“How many rows exist in a table?”
It seems like such an innocent request. It isn’t too hard to get this information out of SQL Server. But before you open SSMS and whip out a quick query, understand that there are multiple methods to get this information out of SQL Server – and none of them are perfect!
COUNT(*) or COUNT(1)
The seemingly obvious way to get the count of rows from the table is to use the COUNT function. There are two common ways to do this – COUNT(*) and COUNT(1). Let’s look at COUNT(*) first.
1 2 |
SELECT COUNT(*) FROM dbo.bigTransactionHistory; |
The STATISTICS IO output of this query shows that SQL Server is doing a lot of work! Over 100,000 logical reads, physical reads, and even read-ahead reads need to be done to satisfy this query.
1 2 3 4 |
(1 row(s) affected) Table 'bigTransactionHistory'. Scan count 5, logical reads 132534, physical reads 3, read-ahead reads 131834, lob logical reads 0, lob physical reads 0, lob read-ahead reads 0. |
Looking at the execution plan, we can see an Index Scan returning over 31 million rows. This means that SQL Server is reading every row in the index, then aggregating and counting the value – finally ending up with our result set. The cost of this query? 123.910000.
The query results: 31,263,601 rows.
Now, let’s look at the behavior of COUNT(1).
1 2 |
SELECT COUNT(1) FROM dbo.bigTransactionHistory; |
We can see from STATISTICS IO that we have a large number of logical reads – over 100,000.
1 2 3 4 |
(1 row(s) affected) Table 'bigTransactionHistory'. Scan count 5, logical reads 132531, physical reads 3, read-ahead reads 131849, lob logical reads 0, lob physical reads 0, lob read-ahead reads 0. |
The execution plan again shows an index scan returning over 31 million rows for processing. The query cost is the same, 123.910000.
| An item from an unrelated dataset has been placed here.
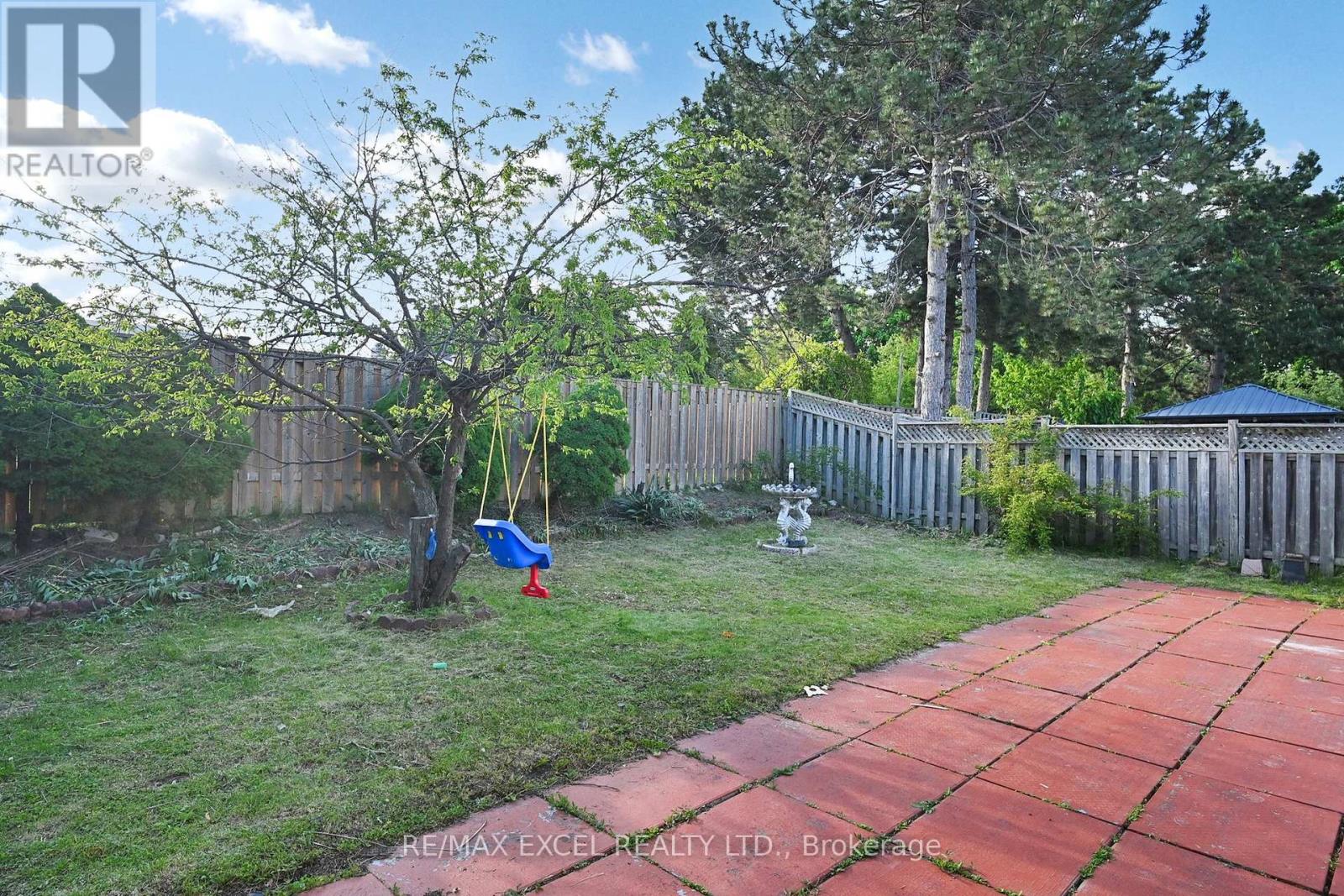 51 Kendleton Avenue, Toronto, Ontario  M9V 1T9 - Photo 47 - W12189722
The results here are the same – 31,263,601 rows.
The benefit of using COUNT is that it is an accurate indicator of exactly how many rows exist in the table at the time query processing begins. However, as the table is scanned, locks are being held. This means that other queries that need to access this table have to wait in line. This might be acceptable on an occasional basis, but I frequently see applications issuing these types of queries hundreds or thousands of times per minute.
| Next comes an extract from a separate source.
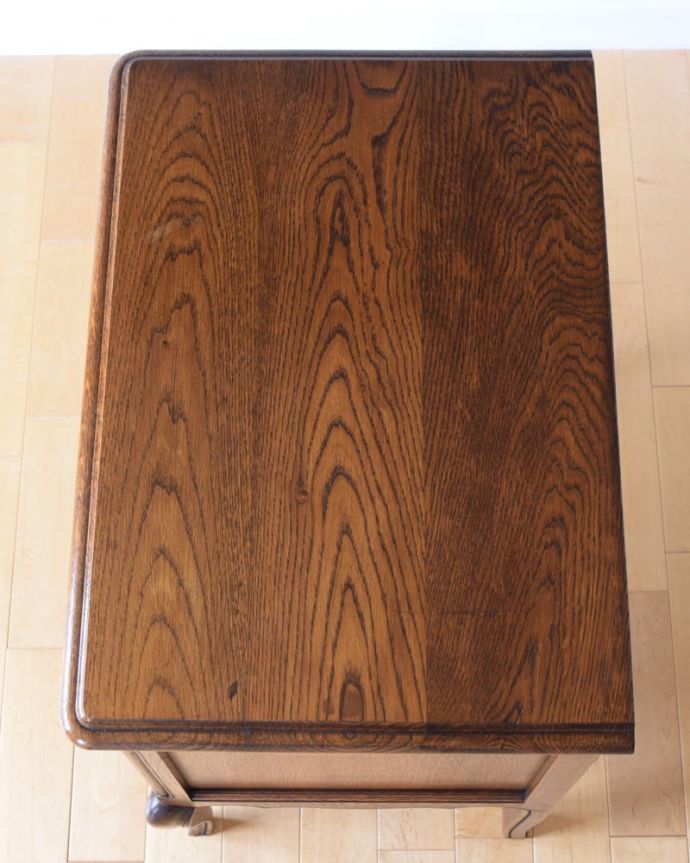 アンティークのチェスト　アンティーク家具　チェスト　何を置こうかな･･･？チェストを上から見るとこんな形です。(j-2707-f)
sys.tables + sys.indexes + sys.partitions
We can join several SQL Server catalog views to count the rows in a table or index, also. sys.tables will return objects that are user-defined tables; sys.indexes returns a row for each index of the table; and sys.partitions returns a row for each partition in the table or index. I am going to query for the table ID, name, and count of rows in all partitions.
1 2 3 4 5 6 7 8 9 10 11 |
DECLARE @TableName sysname SET @TableName = 'bigTransactionHistory' SELECT TBL.object_id, TBL.name, SUM(PART.rows) AS rows FROM sys.tables TBL INNER JOIN sys.partitions PART ON TBL.object_id = PART.object_id INNER JOIN sys.indexes IDX ON PART.object_id = IDX.object_id AND PART.index_id = IDX.index_id WHERE TBL.name = @TableName AND IDX.index_id < 2 GROUP BY TBL.object_id, TBL.name; |
The output of STATISTICS IO here shows far fewer reads – 15 logical reads total.
1 2 3 4 5 6 7 8 9 |
(1 row(s) affected) Table 'syssingleobjrefs'. Scan count 1, logical reads 2, physical reads 0, read-ahead reads 0, lob logical reads 0, lob physical reads 0, lob read-ahead reads 0. Table 'sysidxstats'. Scan count 2, logical reads 4, physical reads 0, read-ahead reads 0, lob logical reads 0, lob physical reads 0, lob read-ahead reads 0. Table 'sysrowsets'. Scan count 1, logical reads 5, physical reads 0, read-ahead reads 0, lob logical reads 0, lob physical reads 0, lob read-ahead reads 0. Table 'sysschobjs'. Scan count 1, logical reads 4, physical reads 0, read-ahead reads 0, lob logical reads 0, lob physical reads 0, lob read-ahead reads 0. |
The execution plan is more complex, but much less work – the query cost here is 0.0341384.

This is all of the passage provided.